▶ [Dataset]:
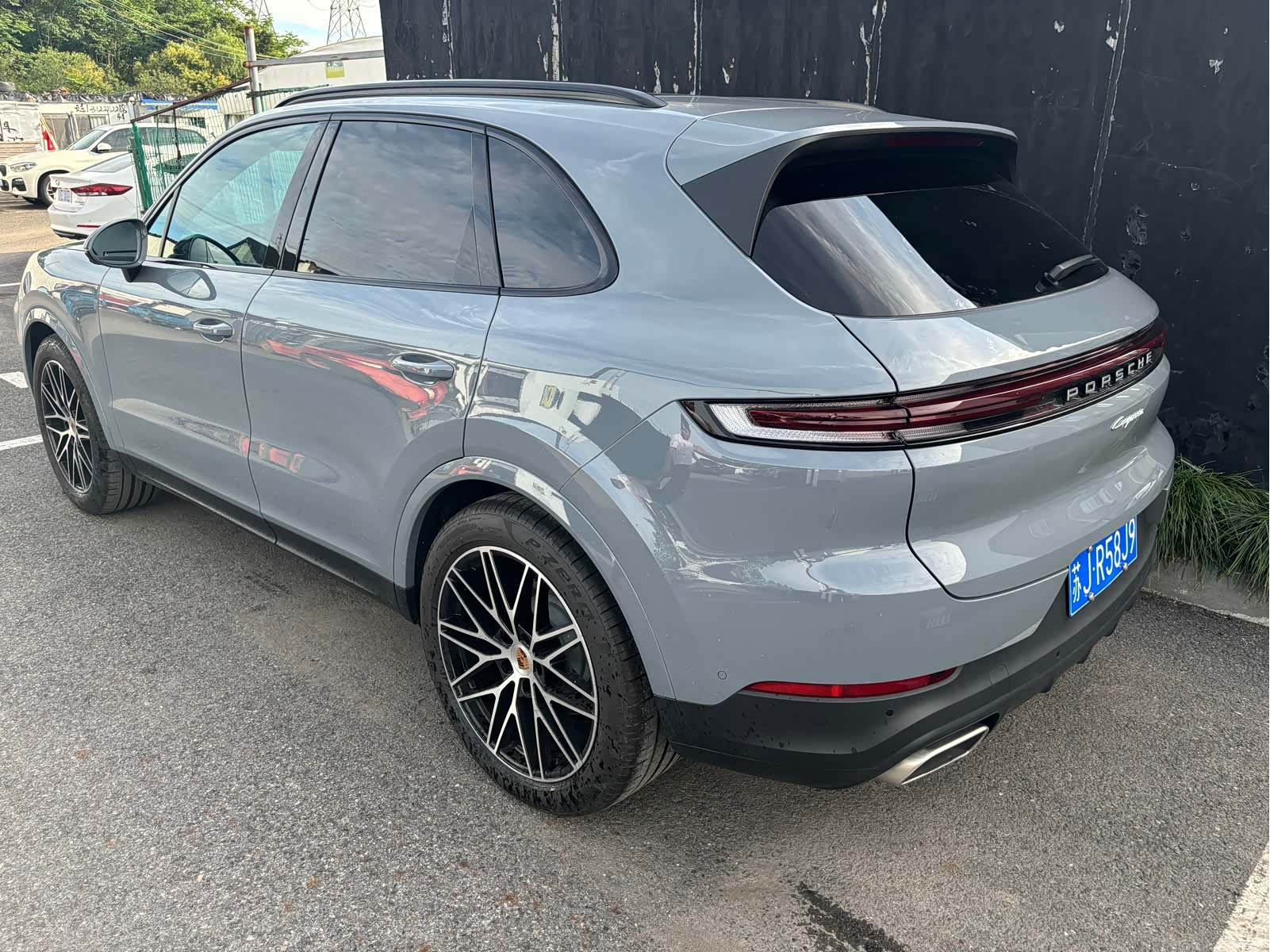 Porsche Cayenne, 2026 все фото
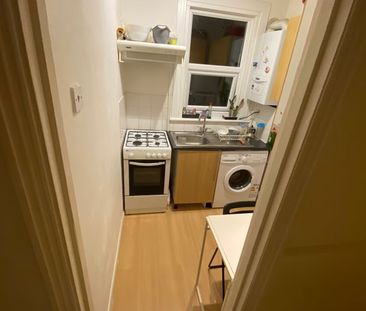 Room in a Shared Flat, Mattison Road, N4 - Photo 5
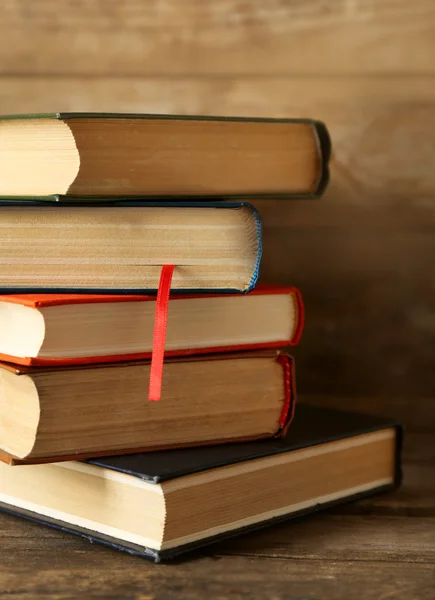 Mucchio di libri su sfondo di legno — Foto Stock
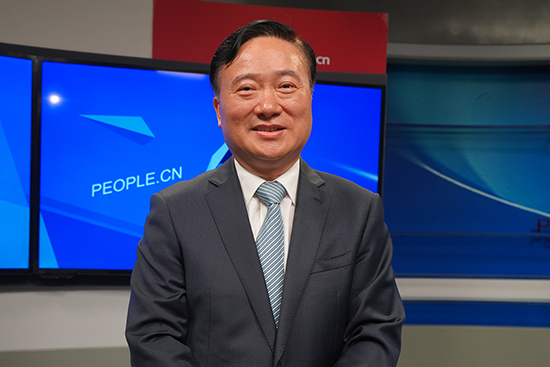 中國五礦集團(tuán)有限公司黨組書記、董事長翁祖亮做客人民網(wǎng)。實(shí)習(xí)生趙晉杰攝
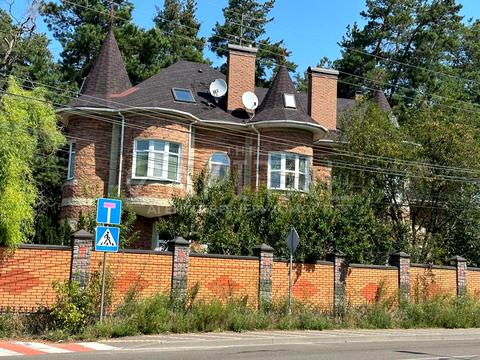 будинок за адресою Івана Багряного вул.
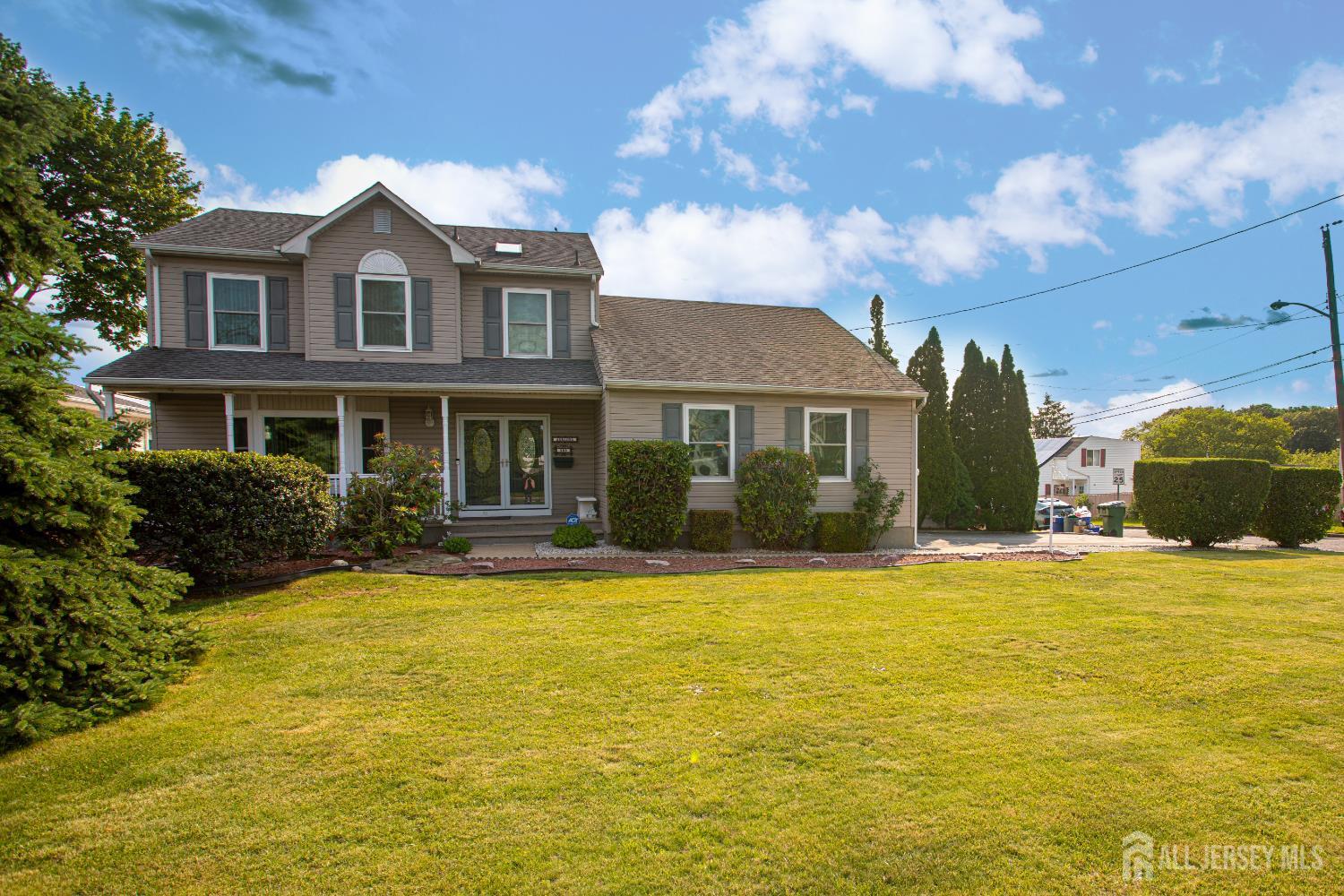 368 S Pine Avenue, Sayreville NJ 08879 - View 2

▶ [Exercise objective]:
Reproduce, with the pictures omitted, exactly those lines that run from the line with "中國五礦集團(tuán)有限" to the last line of the material, both ends included.

▶ [Solved problem]:
 中國五礦集團(tuán)有限公司黨組書記、董事長翁祖亮做客人民網(wǎng)。實(shí)習(xí)生趙晉杰攝
 будинок за адресою Івана Багряного вул.
 368 S Pine Avenue, Sayreville NJ 08879 - View 2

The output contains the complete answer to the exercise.